With a career spanning six decades, Nobuyoshi Araki (1940- ) is one of the most prolific photographers of all time, having published over 450 books and exhibited in over 280 solo exhibitions worldwide. He first became known for his photographs of women bound according to the ancestral rules of Japanese bondage (Kinbaku), and has continued to develop imagery around a central theme in his work – Eros and thanatos (sex and death). His most visited motifs include naked women, female genitalia, flowers, food, his cat, faces and Tokyo street scenes.

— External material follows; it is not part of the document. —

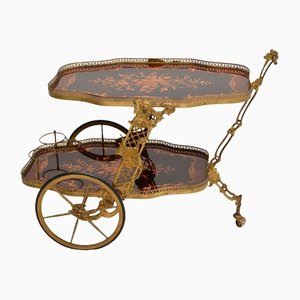 Vintage Italian Drinks Trolley in Brass and Marquetry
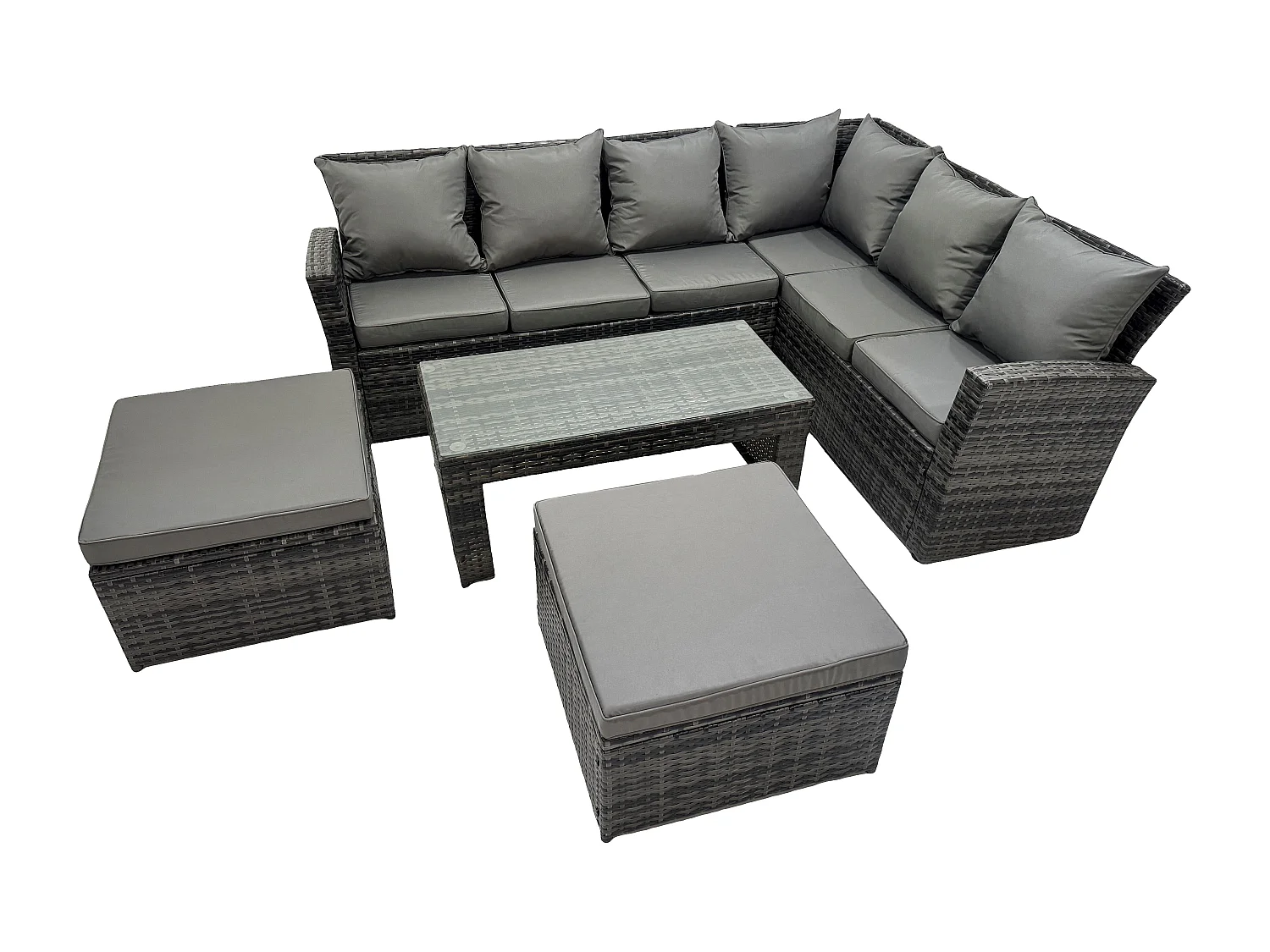 Fimous 8 Seater Wicker PE Outdoor Garden Furniture Set High Back Rattan Corner Sofa Set with 2 Big Footstool Rectangular Coffee Table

Araki studied photography at Chiba University’s Department of Photography, Painting and Engineering (1959-63) with a focus on film and photography. His project Satchin earned him the prestigious Taiyo Award in 1964, shortly after he had joined the advertising agency Dentsu, where he worked until 1972. At Dentsu, he met his future wife Yōko Araki, whom he photographed abundantly before her death in 1990. The publication Sentimental Journey (1971), consists of photographs taken while on their honeymoon, and Winter Journey (1991), features images taken during Yōko’s final days.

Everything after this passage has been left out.